3- Load The files to Azure Storage
This is only a show case, but in a production workflow, you maybe using something like ADF or Python Cloud Functions, anyway to upload a lot of files, I am using Azure storage explorer
now we can start using Synapse Analytics
4- Create a View In Synapse Serverless
we are going to leverage filepath() function to get the partition date, please see the documentation , here is the Query to create a view
USE [test];
GO
DROP VIEW IF EXISTS parquet;
GO
CREATE VIEW parquet AS
SELECT
*,convert(Datetime,result.filepath(1),120) as date
FROM
OPENROWSET(
BULK 'https://xxxxxxxxxx.dfs.core.windows.net/parquet/nem.parquet/Date=*/*.parquet',
FORMAT='PARQUET'
) result
5- Test if the filter Partition Works
Let’s try some testing to see how much is scanned
no Filter, scan all the files, data processed 48 MB
now with filter , only Date 11/04/2018, Data processed 1 MB
6- Test in PowerBI
I build this small model, Date Table is import and Parquet is DirectQuery ( be cautious when using DirectQuery, PBI can be very chatty and generate a lot of SQL Queries, Currently, it is better to use only import mode, until cache support is added)
Case 1: View all Dates
Data Processed : 43 MB
Case 2: Filter Some Dates
let’s filter only 2 days
Note : please use Query reduction option in PowerBI desktop, otherwise, every time you move the slicer, a query will be generated
Here is the result
I was really excited when I saw the results: 1 MB Synapse Serverless was smart enough to scan only 2 files
7- Incremental Refresh
Instead of Direct Query, let’s try a more practical use case, I configured Incremental refresh to change dates only for the Last 3 days
and here is the List of Queries generated by PowerBI
I have only Data for 2018 and 2019, the second refresh (that Started at 3:45 PM) just refreshed the data for the Last three days and because there is no files for those dates the Query returned 0 MB, which is great.

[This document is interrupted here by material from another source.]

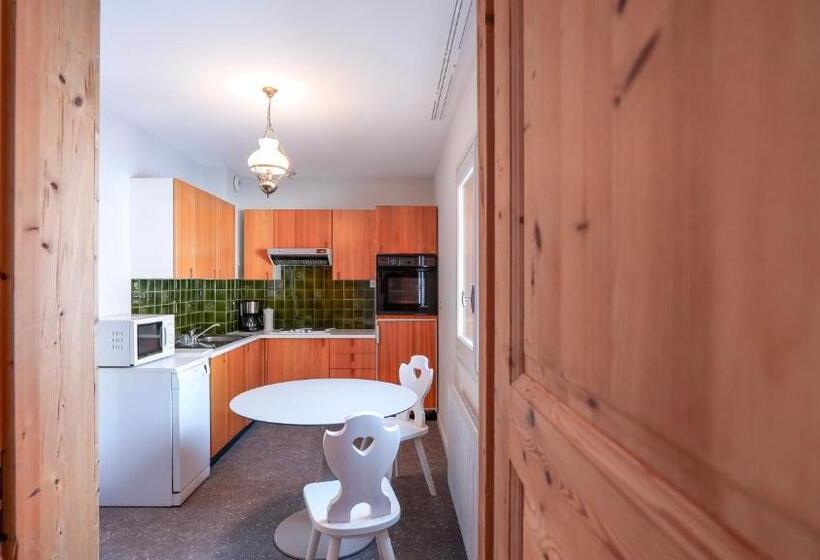 Апартаменты 1 Спальня, Chalet Hôtel Des 2 Gares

Another Nice functionality is select top 100 which is generated by PowerQuery to check field type scanned only 1 MB !!!!
Just to be sure, I have done another refresh at 4 :24 PM and checked the Partitions using SSMS
Only the last three partions were refreshed and PQ sent only 6 Queries ( 1 select data for 1 day and the other check field type)
I think Azure storage + Synapse analytics Serverless + PowerBI Incremental Refresh may end up as a very powerful Pattern.